BMW is heading for a record year after surging Chinese demand for its cars helped to drive profits higher in the first quarter.
The German high-end carmaker said it was on course to sell more than 2m vehicles in a year for the first time.
Sales rose 8.7% in the first three months of the year to a new high of 487,024 units. Pre-tax profit jumped 8.1% to €2.17bn (£1.78bn).
In Asia, sales increased 22% to 158,582, powered by China where orders jumped by a quarter to 108,143. Chinese sales outstripped those for the Americas, where BMW sold 99,840 cars – up 3.5%.
BMW’s chairman, Norbert Reithofer, said: “We are on course to achieve significant sales volume growth in the current year, leading to a new all-time high of over 2m vehicles. We are aiming for a new record group profit before tax figure, which will be significantly higher than in the previous year.”
Sales of BMW-branded cars rose 12% to 428,259 while sales of its luxury Rolls-Royce marque jumped 40% to 897.
Demand was high for Phantom and Ghost Rolls-Royce cars, and orders were strong for the new Wraith model, BMW said. All the cars are built at the Rolls-Royce division’s factory at Goodwood in Sussex.
Mini sales fell by 12% in the first quarter but BMW said this was expected because the brand’s main model, the Hatch, was updated in March.

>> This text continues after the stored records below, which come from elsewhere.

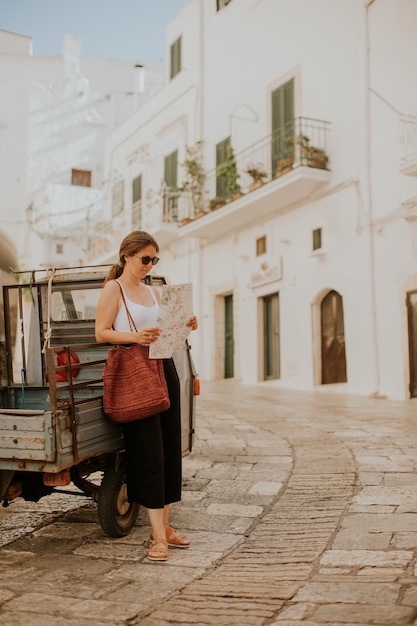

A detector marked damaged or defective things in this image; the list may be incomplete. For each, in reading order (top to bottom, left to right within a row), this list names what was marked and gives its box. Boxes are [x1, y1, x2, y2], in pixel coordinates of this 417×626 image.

rusty metal panel [0, 408, 55, 460]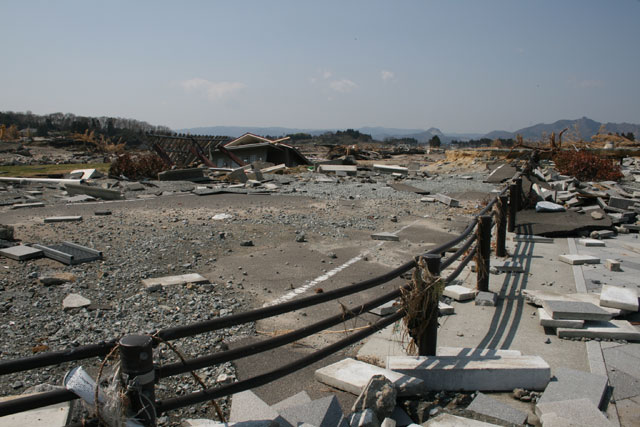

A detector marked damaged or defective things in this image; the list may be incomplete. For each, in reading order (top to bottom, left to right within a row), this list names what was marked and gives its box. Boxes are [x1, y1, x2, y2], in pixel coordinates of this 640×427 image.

bent metal railing [0, 160, 528, 424]
rusty metal post [418, 254, 442, 358]
rusty metal post [119, 336, 156, 426]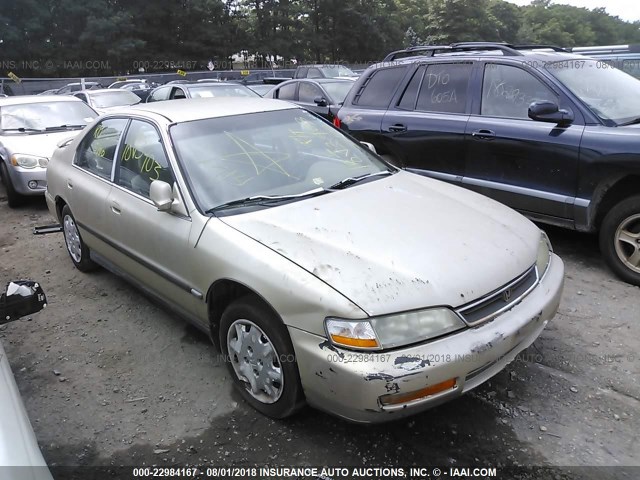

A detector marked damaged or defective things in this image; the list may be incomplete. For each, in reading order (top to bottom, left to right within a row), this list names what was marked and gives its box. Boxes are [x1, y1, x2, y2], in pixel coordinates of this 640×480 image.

damaged front bumper [290, 253, 564, 422]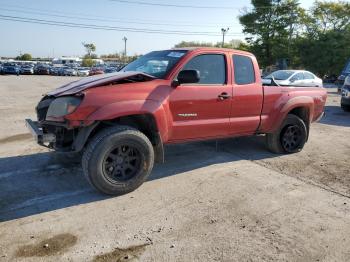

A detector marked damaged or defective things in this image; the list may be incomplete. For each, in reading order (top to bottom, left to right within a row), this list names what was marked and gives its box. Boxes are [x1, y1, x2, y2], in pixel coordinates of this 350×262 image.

crumpled hood [47, 70, 155, 97]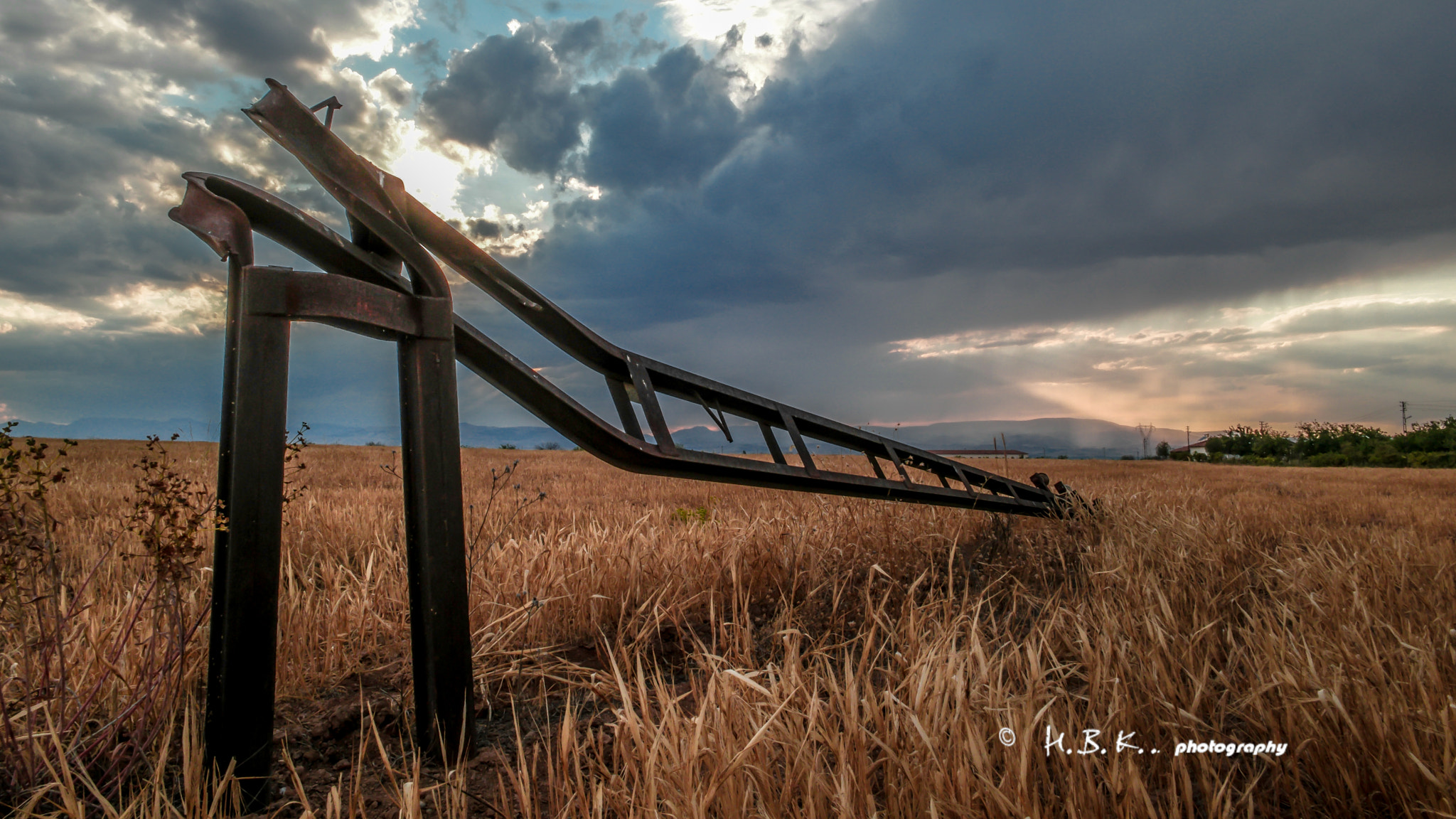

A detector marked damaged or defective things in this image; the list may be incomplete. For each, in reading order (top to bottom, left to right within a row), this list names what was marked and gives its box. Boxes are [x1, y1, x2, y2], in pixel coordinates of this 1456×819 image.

rusted metal surface [173, 77, 1083, 804]
rusty metal frame [173, 80, 1083, 804]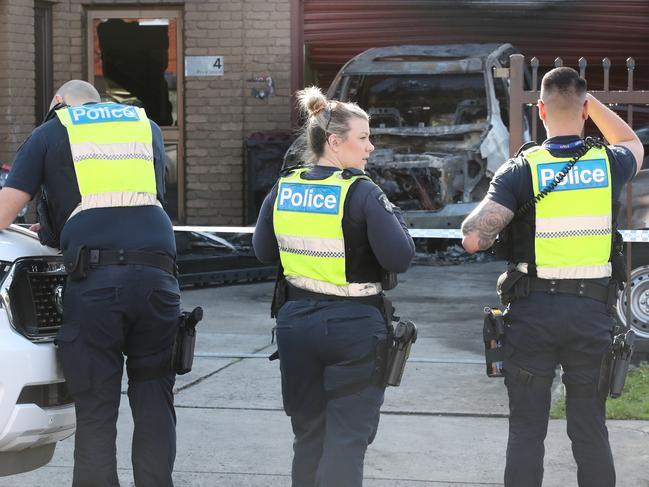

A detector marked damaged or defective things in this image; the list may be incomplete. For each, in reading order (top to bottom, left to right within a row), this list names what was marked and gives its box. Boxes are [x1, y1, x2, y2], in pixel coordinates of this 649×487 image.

burned vehicle [284, 43, 520, 229]
burned vehicle [0, 227, 75, 478]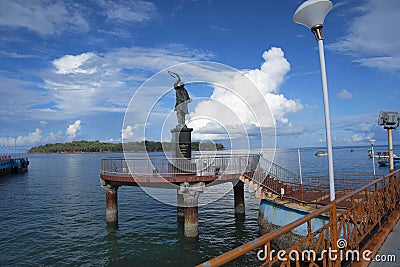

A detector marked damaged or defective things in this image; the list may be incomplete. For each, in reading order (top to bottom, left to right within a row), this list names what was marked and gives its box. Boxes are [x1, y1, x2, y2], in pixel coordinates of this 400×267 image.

rusty metal railing [197, 171, 400, 266]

Interest in the new Hatch, manufactured in Oxford, was high and would feed in to strong sales from the summer, it said.
Reithofer said BMW had increased profits while spending more on product development and staff and in the face of strong competition.
BMW increased its workforce by almost 5,000 to 111,378 from a year earlier as the group hired engineers and skilled workers to meet demand for its cars and to work on new technologies.